**What is needed**
Copy out and return the lines from the one holding "Čierna záťažová vesta" to the end of the listing below, both included, omitting the pictures.

**Data supplied**
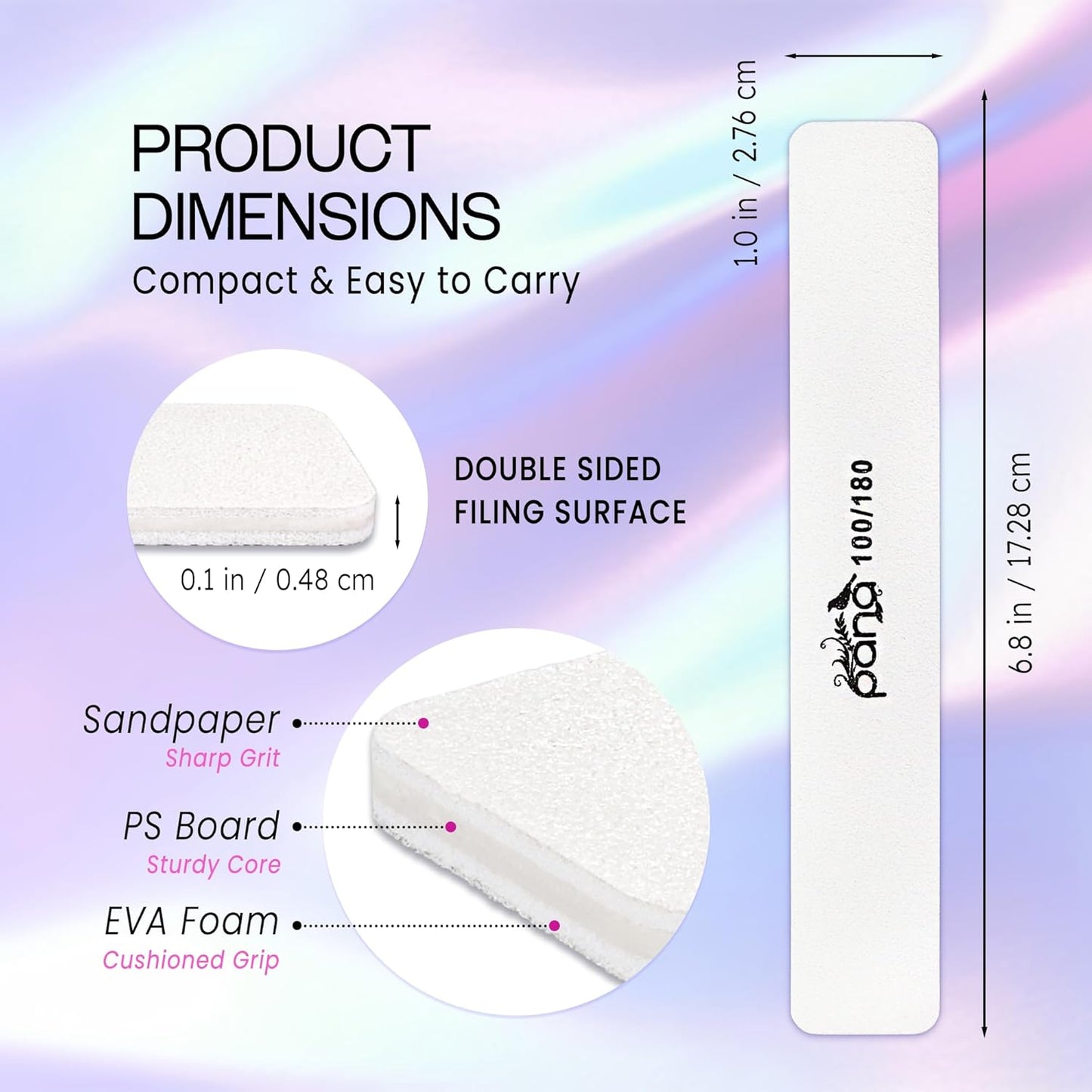 10PCS Jumbo Size PANA Professional Double Sided Nail Files - White, 100/180 Grit - Emery Board Nail Buffering File Manicure Pedicure Nail Polisher Washable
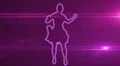 ser-15 - neon outlined gogo dancer silhouette in pink with lens flares HD Footage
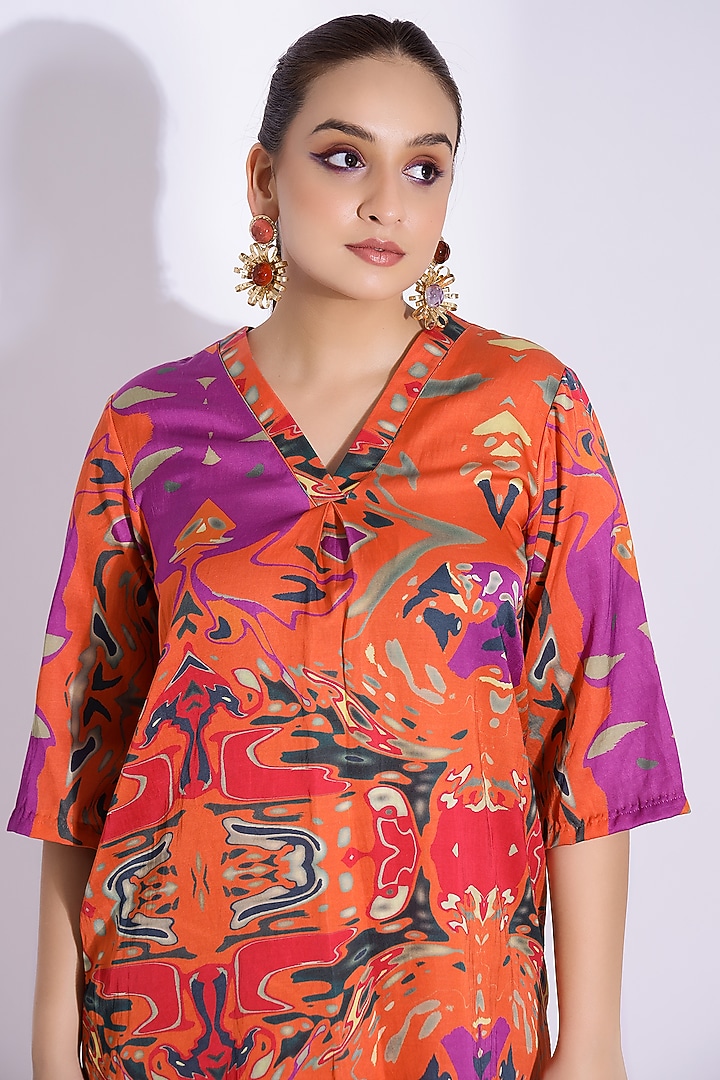Orange Cotton Silk Digital Printed Kurta Set by Studio Surbhi at Pernia's Pop Up Shop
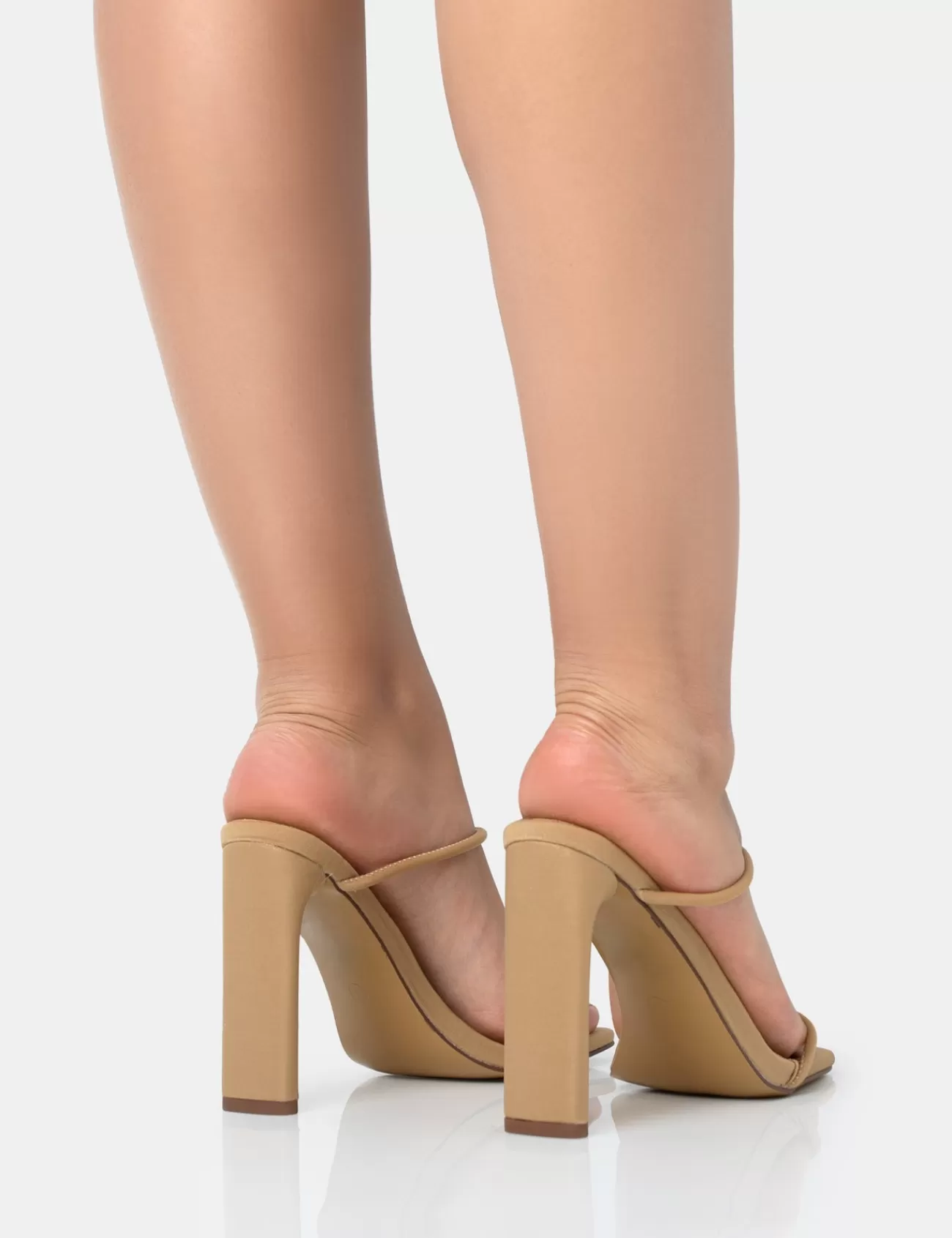 Public Desire True Camel Nylon Strappy Barely There Square Toe Flat Block Heels Fashion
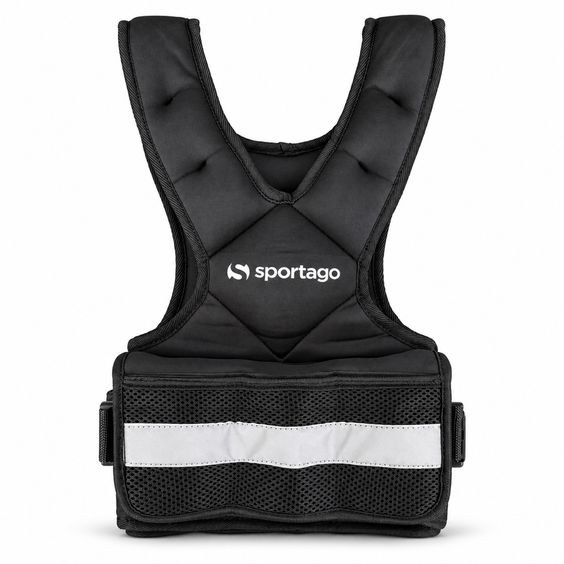 Čierna záťažová vesta Sportago Vigor 10 kg spredu na bielom pozadí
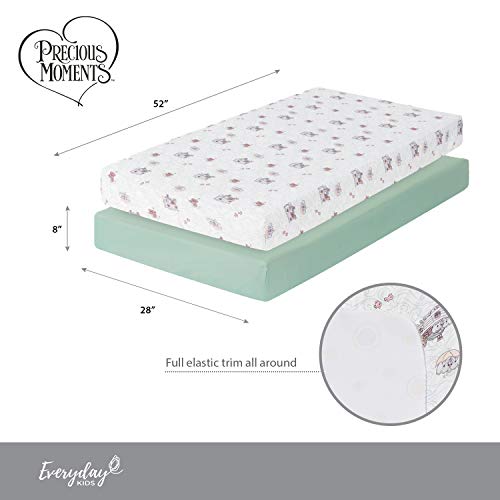 image for Precious Moments Noah’s Ark Fitted Crib Sheet 2 Pack for Baby Boy by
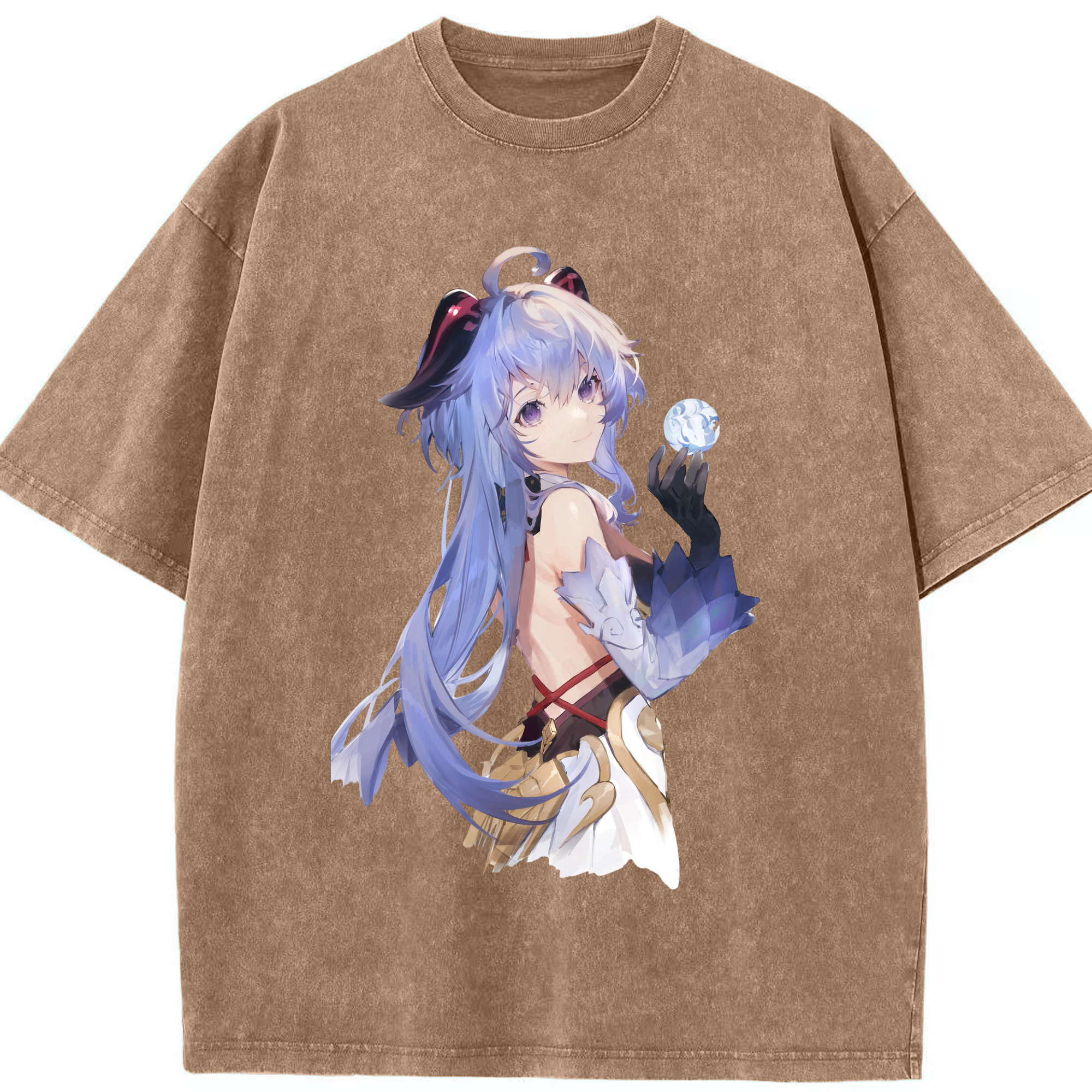 げんし神 甘雨 かんう genshin Ganyu 綿100% ヴィンテージ風 半袖Tシャツ（フロントプリント）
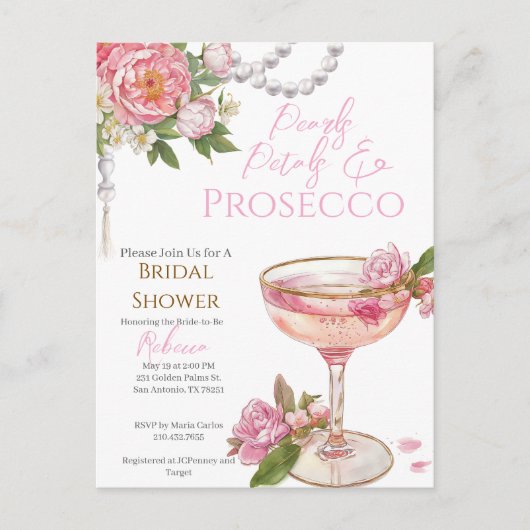 Pearls, Petals & Prosecco Bridal Shower Invitation ポストカード (正面)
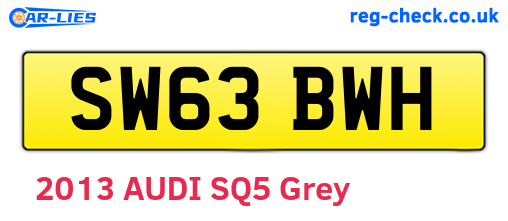 SW63BWH are the vehicle registration plates.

**Finished task**
 Čierna záťažová vesta Sportago Vigor 10 kg spredu na bielom pozadí
 image for Precious Moments Noah’s Ark Fitted Crib Sheet 2 Pack for Baby Boy by
 げんし神 甘雨 かんう genshin Ganyu 綿100% ヴィンテージ風 半袖Tシャツ（フロントプリント）
 Pearls, Petals & Prosecco Bridal Shower Invitation ポストカード (正面)
 SW63BWH are the vehicle registration plates.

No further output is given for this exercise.